2016年6月18日 星期六

Personal Financial Planning (PFP) and Investments

[1] ROI - the profit earned on an investment; + or -.
- Risks: firm-specific risk (can be diversified) and market risk (cannot be diversified).

[2] Risk/Return relationship.
- Higher the risk > the higher the return.
- However, the higher risks of investments do not necessarily bring higher returns.

[3] Risk/Return trade-offs:
- Bank deposit (lowest), Bond/Debentures (higher), Stocks (highest).

[4] Risk diversification is very important to every investor. Different investment products that are not correlated in their portfolio.

[5] PFP aims to help individuals:
- achieve financial goals in life, avoid financial mistakes, maintain living standards.

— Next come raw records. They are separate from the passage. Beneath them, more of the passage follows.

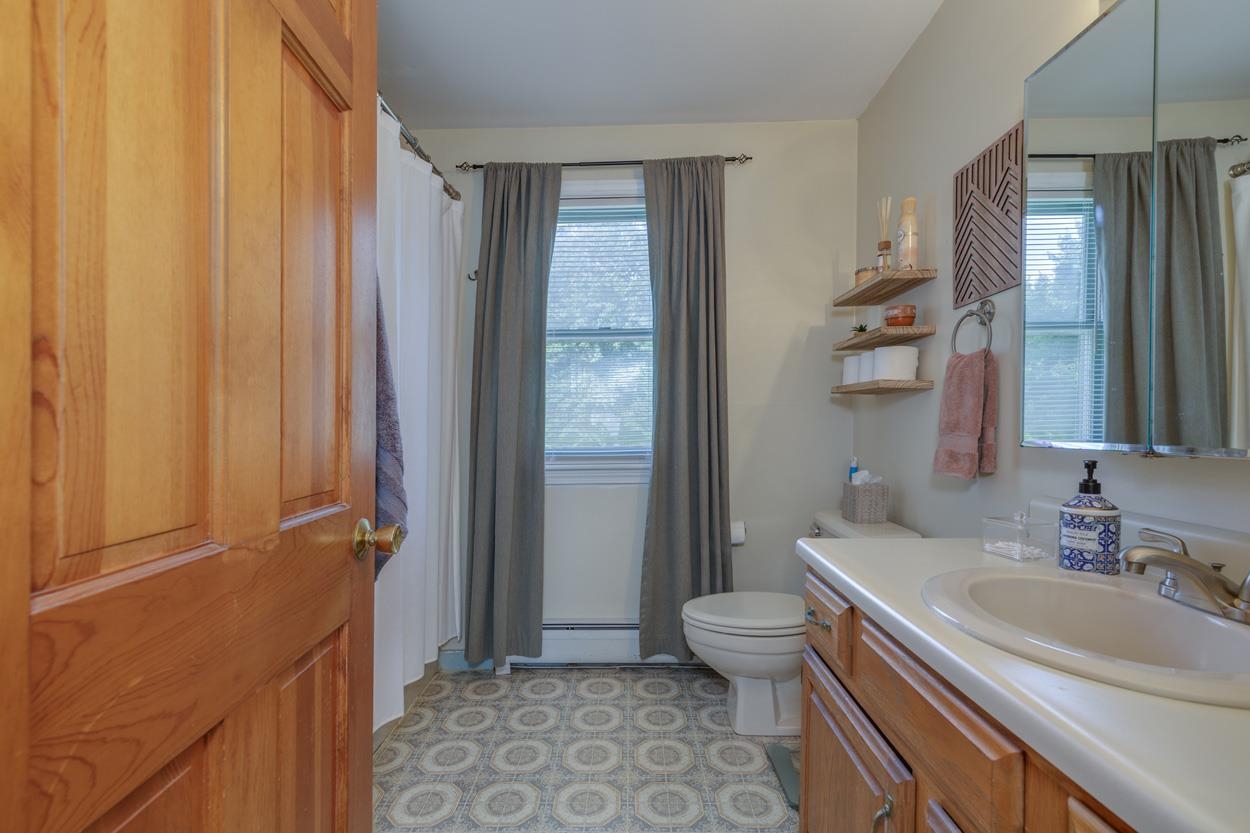 27 Riverview Circle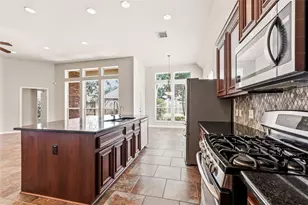 4006 Wolf Springs Ct, Sugar Land, TX 77479 - Photo 11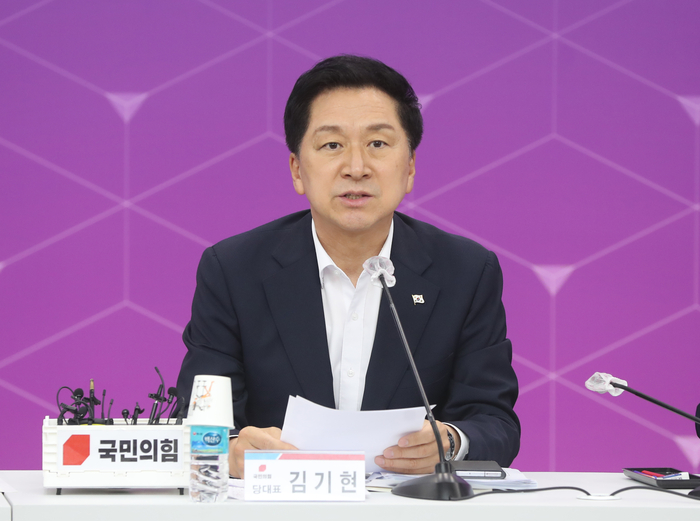 국민의힘 김기현 대표가 5일 오전 울산시청 대회의실에서 열린 울산시와의 예산정책협의회에서 발언하고 있다.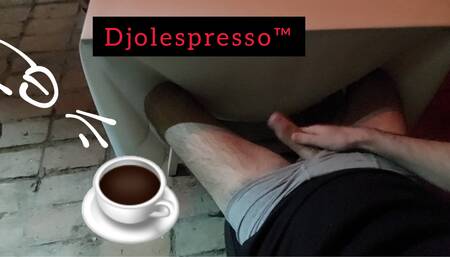 Making Djolespresso at the table of a restaurant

[6] Life cycle is an important concept in PFP. Individuals usually have different financial needs, priorities and objectives at different life stages that typically young single, just married, married with young children, married with older children, pre-retirement and retirement.

[7] MPF scheme
Employee Rights:
- Join the employer's MPF scheme. Make voluntary contributions to the sheme. Withdraw the accrued benefits at age 65.
- Employee Responsibilities: Contribute 5% monthly relevant income to the scheme. Bear the investment risk. Choose MPF funds according to their risk tolerance level.